Le soir, une manifestation libre et festive a débuté à 21 h 30 dans le centre-ville de Grenoble et s’est poursuivie dans les rues piétonnes jusqu’au Cours Berriat. Sur le parcours, il y a eu quelques jets de peinture à l’eau (donc effaçable) sur une vitrine de banque et sur un véhicule de police. Trente minutes après le départ, la présence policière s’est faite plus forte suite à une action spécifique (la tête de cortège a accéléré la vitesse de marche, créant un mouvement de foule en direction de 2 voitures de police ; le cortège s’est ensuite redirigé vers la droite, ne souhaitant pas forcer le barrage des forces de l’ordre).

Ensuite, au niveau de la place Victor Hugo, une vitrine a été cassée à l’arrière du cortège. Un jeune homme se tenait sur le pas de la porte d’une pizzeria et filmait la manifestation libre ; les forces de l’ordre lui ont demandé d’effacer la vidéo, ce que le jeune homme a refusé de faire, invoquant le fait qu’il se trouvait dans un lieu privé (le restaurant). Ils l’ont donc tiré vers la rue, le sommant de donner son téléphone portable, ce que le jeune homme a de nouveau refusé de faire.

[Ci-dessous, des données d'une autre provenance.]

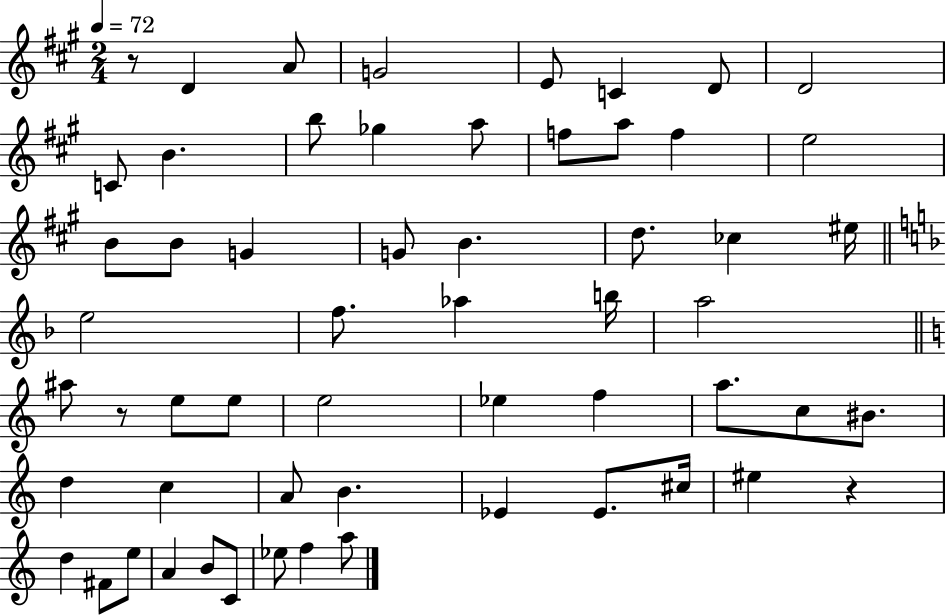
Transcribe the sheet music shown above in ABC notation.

X:1
T:Untitled
M:2/4
L:1/4
K:A
z/2 D A/2 G2 E/2 C D/2 D2 C/2 B b/2 _g a/2 f/2 a/2 f e2 B/2 B/2 G G/2 B d/2 _c ^e/4 e2 f/2 _a b/4 a2 ^a/2 z/2 e/2 e/2 e2 _e f a/2 c/2 ^B/2 d c A/2 B _E _E/2 ^c/4 ^e z d ^F/2 e/2 A B/2 C/2 _e/2 f a/2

S’en est suivi un étranglement pour le contraindre à obtempérer. Durant cette contention, les membres des forces de l’ordre ont plaqué le jeune homme contre la vitrine qui s’est brisée avec le choc. Ils sont ensuite repartis en accusant le jeune homme d’avoir cassé la vitrine et en rajoutant : « on a mieux à faire ».

Au croisement de la Rue de Bonne et de la Rue de la Poste, alors que le cortège s’était donné le mot pour une dispersion dans le calme à la place suivante et qu’aucune des sommations réglementaires n’avaient été entendues, les forces de l’ordre ont nassé les manifestants (technique de maintien de l’ordre consistant à encercler les manifestants) à grand renfort de matraques, armes électriques et gazeuses lacrymogènes utilisées à bout portant. Des témoins rapportent des visages en sang, un homme maintenu à terre avec une matraque au-dessus de son œil, etc. Un réel tabassage a eu lieu à l’encontre de personnes déambulant dans une ambiance pacifique. De nombreux blessés sont recensés, avec points de suture, ecchymoses, passage aux urgences pour cécité temporaire. Des ITT (Incapacité Temporaire de Travail) de 5 jours ont été constatées par des médecins et des suites d’examens sont toujours en cours.

Ce qu’il faut retenir de cette journée, c’est l’extrême violence dont ont fait preuve les forces de l’ordre envers les manifestants opposés à la loi travail, violence totalement disproportionnée au vu des dégradations constatées, toutes symboliques et à aucun moment dirigées contre des personnes. Tous ceux qui ont assisté à ces scènes d’une violence inouïe en ont été profondément choqués et jamais une répression aussi disproportionnée n’avait été observée lors d’une déambulation pacifique.

Nous tenons à remercier les quelques trop rares journalistes ayant eu le professionnalisme de chercher des sources contradictoires afin de rapporter des faits objectifs et déplorons le travail trop souvent bâclé de certains médias, qui font le choix de ne relater qu’une seule version des faits, avec pour seule source le rapport des forces de l’ordre.